Le Dernier Souffle a également inspiré le cinéaste Costa Gavras pour son film éponyme, sorti en janvier 2025. C’est au regard du témoignage de cet engagement sans faille auprès des personnes en fin de vie que le 43e prix littéraire des Nouveaux droits de l’Homme a été décerné aux auteurs du recueil Le Dernier souffle, Claude Grange et Régis Debray, publié chez Gallimard et Folio. C’est à l’invitation du président du groupe des sénateurs socialistes, Patrick Kanner, en présence de Bernard Kouchner que Claude Grange a reçu son prix.
« Une remise de prix tout à fait exceptionnelle car il était également remis à Boualem Sansal pour l’ensemble de son œuvre », indiquait Pierre Bercis, président des Nouveaux droits de l’Homme. « Je vois dans ce prix un symbole qui me touche profondément. De droite comme de gauche, au-delà de nos sensibilités, nous sommes tous attachés à un même devoir d’humanité : accompagner au mieux les plus vulnérables, ceux dont la voix est fragile, dont la vie dépend du regard que nous portons sur eux. Comme quoi, la dignité humaine est imprescriptible, elle n’a pas d’étiquette politique », confiait Claude Grange. « Je ne suis pas écrivain. Je n’ai jamais eu cette ambition. J’ai simplement voulu témoigner de ce que j’ai vécu comme médecin pendant 25 ans dans un service public de soins palliatifs : la fin de vie, la souffrance, mais aussi la fraternité, la tendresse, parfois même la joie inattendue des derniers moments, grâce à toute une équipe bienveillante de soignants ».

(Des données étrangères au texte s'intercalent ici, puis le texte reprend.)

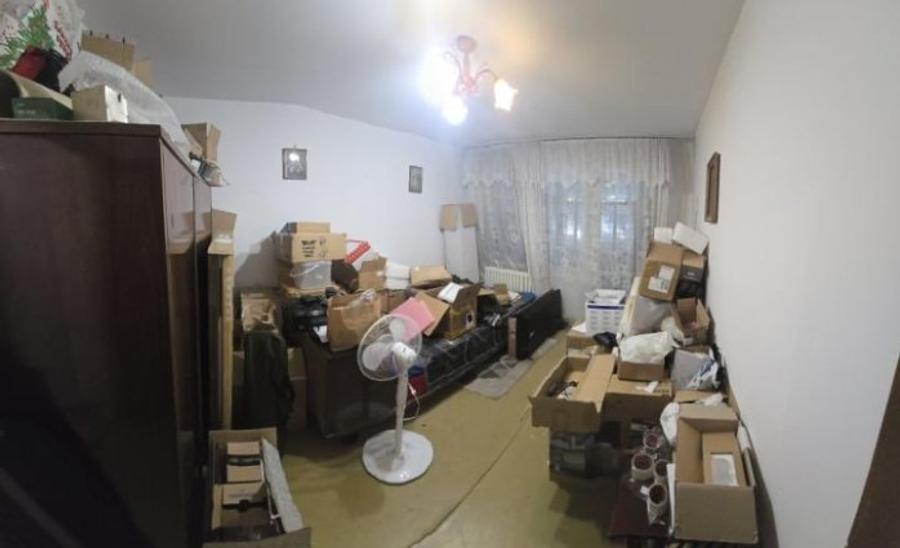 Brancoveanu-strada Izvorul Crisului-apartament 3 camere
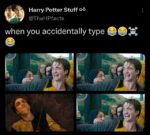 When you accidentally type meme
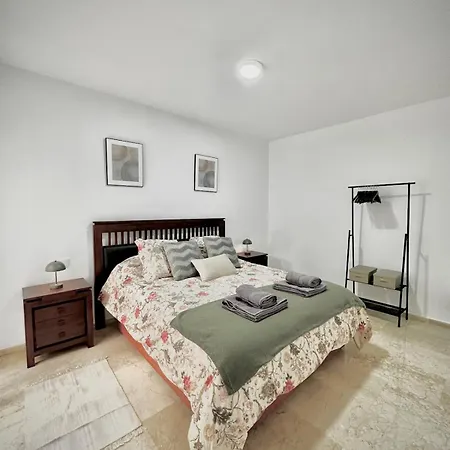 Appartement Azahar Centro Parking Gratis Córdoba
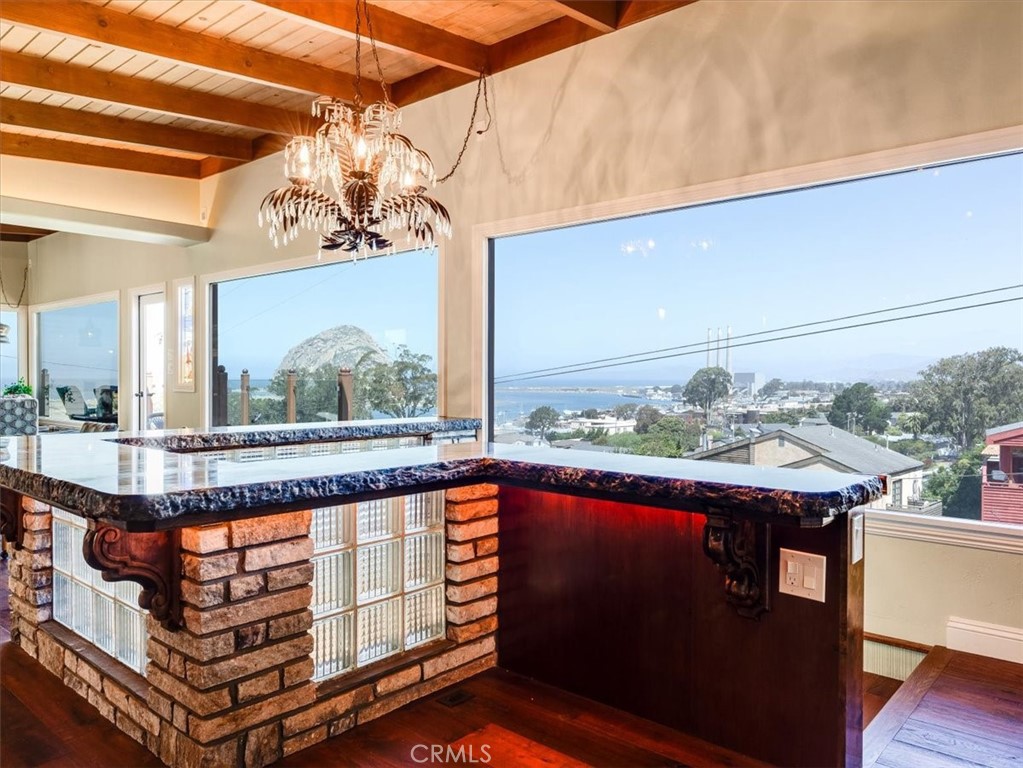 Morro Heights (810) - Residential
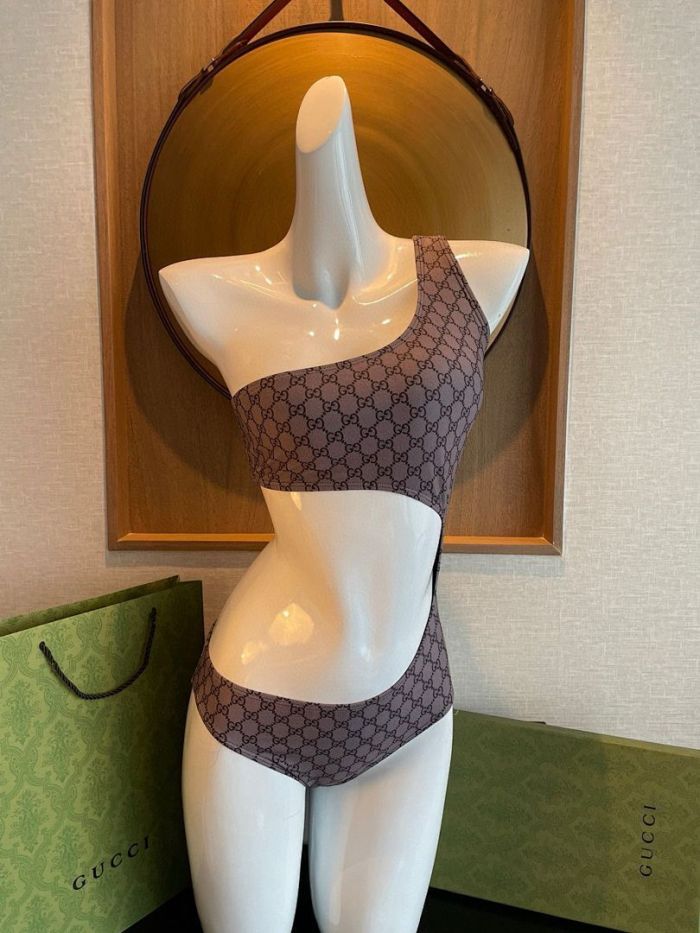 Ladies' sexy high-end swimsuit SW25-269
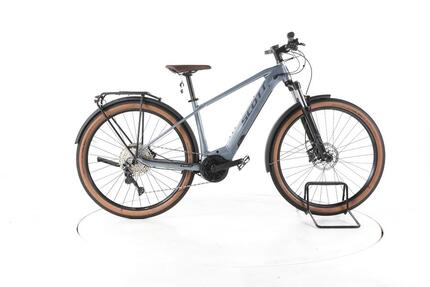 Reconditionné - Scott AXIS eRIDE 20 Trekking E-Bike - Très Bon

Ce prix prend une dimension particulière, puisqu’il est remis en même temps pour l’ensemble de son œuvre à Boualem Sansal. « Je me sens très intimidé d’être associé à cet immense écrivain et grand humaniste. Un homme libre, courageux, engagé pour les droits de l’Homme. Sa plume est une lumière qui traverse les frontières. Si j’ai accepté d’écrire, c’est pour rappeler une chose très simple : les droits de l’Homme ne s’arrêtent pas quand la vie décline. Ils demeurent jusqu’au dernier souffle ».